**INSTRUCTIONS FOR THE TASK:**
Please reproduce the line containing "Vand cross 125 cc" and every line after it in the records below, exactly and with nothing else.

**DATA LISTING:**
--- START ---
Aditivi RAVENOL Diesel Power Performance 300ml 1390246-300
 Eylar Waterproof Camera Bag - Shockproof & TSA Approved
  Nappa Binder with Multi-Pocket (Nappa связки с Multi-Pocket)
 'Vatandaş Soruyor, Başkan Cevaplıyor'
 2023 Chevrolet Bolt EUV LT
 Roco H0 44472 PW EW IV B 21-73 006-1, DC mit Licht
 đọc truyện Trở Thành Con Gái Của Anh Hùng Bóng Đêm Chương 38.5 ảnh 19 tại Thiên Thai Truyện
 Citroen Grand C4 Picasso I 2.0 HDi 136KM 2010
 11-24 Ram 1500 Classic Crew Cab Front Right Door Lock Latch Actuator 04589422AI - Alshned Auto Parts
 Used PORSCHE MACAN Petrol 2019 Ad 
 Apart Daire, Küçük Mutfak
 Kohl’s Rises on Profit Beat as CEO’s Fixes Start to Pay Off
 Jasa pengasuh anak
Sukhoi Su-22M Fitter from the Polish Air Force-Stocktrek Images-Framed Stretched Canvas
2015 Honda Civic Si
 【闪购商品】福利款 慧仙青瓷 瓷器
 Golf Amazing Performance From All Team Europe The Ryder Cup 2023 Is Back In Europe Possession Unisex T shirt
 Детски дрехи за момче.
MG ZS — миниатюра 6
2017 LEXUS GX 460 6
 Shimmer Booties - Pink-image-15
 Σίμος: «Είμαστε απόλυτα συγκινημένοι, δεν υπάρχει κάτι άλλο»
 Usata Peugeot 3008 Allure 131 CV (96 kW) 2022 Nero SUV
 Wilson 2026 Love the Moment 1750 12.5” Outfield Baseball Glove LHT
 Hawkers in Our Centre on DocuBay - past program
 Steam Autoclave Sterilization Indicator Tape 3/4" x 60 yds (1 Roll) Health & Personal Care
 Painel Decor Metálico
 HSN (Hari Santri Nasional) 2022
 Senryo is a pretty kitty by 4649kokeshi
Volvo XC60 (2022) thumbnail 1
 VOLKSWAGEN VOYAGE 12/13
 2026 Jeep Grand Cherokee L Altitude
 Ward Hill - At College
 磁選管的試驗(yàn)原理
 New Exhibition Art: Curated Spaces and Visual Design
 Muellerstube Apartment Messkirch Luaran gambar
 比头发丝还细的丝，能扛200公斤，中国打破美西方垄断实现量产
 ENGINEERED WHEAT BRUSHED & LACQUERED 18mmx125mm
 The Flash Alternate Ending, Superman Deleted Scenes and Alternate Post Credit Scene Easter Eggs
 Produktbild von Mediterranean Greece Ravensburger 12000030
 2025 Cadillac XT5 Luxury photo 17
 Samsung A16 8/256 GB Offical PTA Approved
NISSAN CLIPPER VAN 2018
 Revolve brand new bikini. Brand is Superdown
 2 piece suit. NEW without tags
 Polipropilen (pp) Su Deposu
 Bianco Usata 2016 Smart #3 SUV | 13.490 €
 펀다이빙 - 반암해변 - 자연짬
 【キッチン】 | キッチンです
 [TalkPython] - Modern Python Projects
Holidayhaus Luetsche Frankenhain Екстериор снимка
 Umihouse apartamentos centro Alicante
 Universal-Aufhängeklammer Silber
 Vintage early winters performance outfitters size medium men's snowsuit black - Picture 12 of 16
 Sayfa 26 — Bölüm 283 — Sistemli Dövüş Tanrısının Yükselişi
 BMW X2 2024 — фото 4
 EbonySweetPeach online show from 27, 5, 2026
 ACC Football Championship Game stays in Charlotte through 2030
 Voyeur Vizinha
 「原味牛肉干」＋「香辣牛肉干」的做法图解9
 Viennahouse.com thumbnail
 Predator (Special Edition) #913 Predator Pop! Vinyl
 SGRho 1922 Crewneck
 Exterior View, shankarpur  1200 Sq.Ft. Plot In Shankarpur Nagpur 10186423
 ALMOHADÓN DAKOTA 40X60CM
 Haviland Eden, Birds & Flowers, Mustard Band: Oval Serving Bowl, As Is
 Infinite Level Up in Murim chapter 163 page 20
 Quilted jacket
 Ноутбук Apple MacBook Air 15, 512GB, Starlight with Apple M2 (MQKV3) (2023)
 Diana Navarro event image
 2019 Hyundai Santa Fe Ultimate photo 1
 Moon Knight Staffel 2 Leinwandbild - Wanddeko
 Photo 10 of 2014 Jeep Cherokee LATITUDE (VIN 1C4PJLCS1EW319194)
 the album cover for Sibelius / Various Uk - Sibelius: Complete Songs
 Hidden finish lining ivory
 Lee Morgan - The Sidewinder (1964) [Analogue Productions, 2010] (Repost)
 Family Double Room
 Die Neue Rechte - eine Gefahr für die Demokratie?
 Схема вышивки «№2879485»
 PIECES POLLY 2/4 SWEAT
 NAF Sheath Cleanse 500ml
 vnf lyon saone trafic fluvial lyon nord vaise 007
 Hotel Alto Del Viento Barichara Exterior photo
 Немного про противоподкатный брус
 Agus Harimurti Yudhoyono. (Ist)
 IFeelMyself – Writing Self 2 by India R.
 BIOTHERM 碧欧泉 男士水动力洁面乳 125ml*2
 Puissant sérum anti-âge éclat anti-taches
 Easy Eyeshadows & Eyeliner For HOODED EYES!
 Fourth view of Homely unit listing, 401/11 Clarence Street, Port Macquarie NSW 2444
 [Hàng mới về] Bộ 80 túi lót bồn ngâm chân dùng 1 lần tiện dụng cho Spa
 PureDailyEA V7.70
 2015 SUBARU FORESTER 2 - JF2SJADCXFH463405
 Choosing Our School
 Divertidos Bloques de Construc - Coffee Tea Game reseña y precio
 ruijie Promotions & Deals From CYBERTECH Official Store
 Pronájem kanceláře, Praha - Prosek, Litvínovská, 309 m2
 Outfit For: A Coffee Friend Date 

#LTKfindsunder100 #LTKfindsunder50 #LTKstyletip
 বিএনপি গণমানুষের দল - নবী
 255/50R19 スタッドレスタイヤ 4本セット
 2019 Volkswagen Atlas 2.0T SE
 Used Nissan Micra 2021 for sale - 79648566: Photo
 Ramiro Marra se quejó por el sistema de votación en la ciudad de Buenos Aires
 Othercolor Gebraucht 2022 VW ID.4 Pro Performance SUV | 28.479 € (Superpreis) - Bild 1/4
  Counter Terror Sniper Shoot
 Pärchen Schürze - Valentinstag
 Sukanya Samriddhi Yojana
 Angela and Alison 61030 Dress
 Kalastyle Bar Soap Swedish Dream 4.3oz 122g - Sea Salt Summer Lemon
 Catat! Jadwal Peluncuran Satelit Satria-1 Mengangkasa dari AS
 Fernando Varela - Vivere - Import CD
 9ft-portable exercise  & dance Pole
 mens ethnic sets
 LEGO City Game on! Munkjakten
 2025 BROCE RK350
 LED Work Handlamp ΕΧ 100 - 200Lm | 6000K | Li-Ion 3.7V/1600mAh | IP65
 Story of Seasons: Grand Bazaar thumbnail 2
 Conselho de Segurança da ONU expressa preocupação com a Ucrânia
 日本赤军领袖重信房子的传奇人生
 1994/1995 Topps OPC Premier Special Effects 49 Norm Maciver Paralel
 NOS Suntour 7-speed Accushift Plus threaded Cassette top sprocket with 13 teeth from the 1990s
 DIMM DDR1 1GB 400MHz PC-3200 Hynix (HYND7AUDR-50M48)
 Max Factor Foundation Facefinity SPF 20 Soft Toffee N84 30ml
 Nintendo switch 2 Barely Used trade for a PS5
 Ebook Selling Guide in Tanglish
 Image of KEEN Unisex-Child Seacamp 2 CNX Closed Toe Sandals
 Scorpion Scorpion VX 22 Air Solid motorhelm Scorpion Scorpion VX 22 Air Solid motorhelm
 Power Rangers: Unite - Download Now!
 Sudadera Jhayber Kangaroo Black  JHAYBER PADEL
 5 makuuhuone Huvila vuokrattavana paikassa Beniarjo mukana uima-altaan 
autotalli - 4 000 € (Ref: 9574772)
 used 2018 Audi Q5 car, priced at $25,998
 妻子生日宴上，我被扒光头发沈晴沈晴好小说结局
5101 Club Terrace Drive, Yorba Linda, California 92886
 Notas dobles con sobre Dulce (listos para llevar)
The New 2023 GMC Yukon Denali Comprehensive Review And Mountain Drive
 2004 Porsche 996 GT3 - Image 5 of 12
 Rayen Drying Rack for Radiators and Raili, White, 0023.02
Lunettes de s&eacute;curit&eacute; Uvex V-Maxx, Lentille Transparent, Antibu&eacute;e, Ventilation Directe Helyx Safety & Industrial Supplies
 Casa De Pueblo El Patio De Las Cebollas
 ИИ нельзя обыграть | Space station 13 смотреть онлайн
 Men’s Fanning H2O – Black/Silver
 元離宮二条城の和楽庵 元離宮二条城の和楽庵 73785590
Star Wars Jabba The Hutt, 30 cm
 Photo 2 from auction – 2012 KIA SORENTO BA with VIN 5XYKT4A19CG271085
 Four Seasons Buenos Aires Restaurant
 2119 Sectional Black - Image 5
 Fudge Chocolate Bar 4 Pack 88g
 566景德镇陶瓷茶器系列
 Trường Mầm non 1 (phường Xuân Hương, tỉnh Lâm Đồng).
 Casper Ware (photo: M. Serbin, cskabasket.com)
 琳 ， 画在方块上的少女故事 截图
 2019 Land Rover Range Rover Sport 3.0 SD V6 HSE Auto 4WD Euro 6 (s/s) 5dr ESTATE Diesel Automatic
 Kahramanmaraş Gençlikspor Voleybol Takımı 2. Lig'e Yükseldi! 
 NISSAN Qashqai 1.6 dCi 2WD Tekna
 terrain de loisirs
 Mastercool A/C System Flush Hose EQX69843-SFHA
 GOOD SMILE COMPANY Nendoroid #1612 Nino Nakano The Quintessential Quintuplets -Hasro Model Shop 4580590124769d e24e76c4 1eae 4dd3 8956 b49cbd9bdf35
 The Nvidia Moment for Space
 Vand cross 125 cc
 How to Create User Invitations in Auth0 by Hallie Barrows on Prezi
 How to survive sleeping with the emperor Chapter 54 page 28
--- END ---
**RESULT FOR THIS TASK:**
 Vand cross 125 cc
 How to Create User Invitations in Auth0 by Hallie Barrows on Prezi
 How to survive sleeping with the emperor Chapter 54 page 28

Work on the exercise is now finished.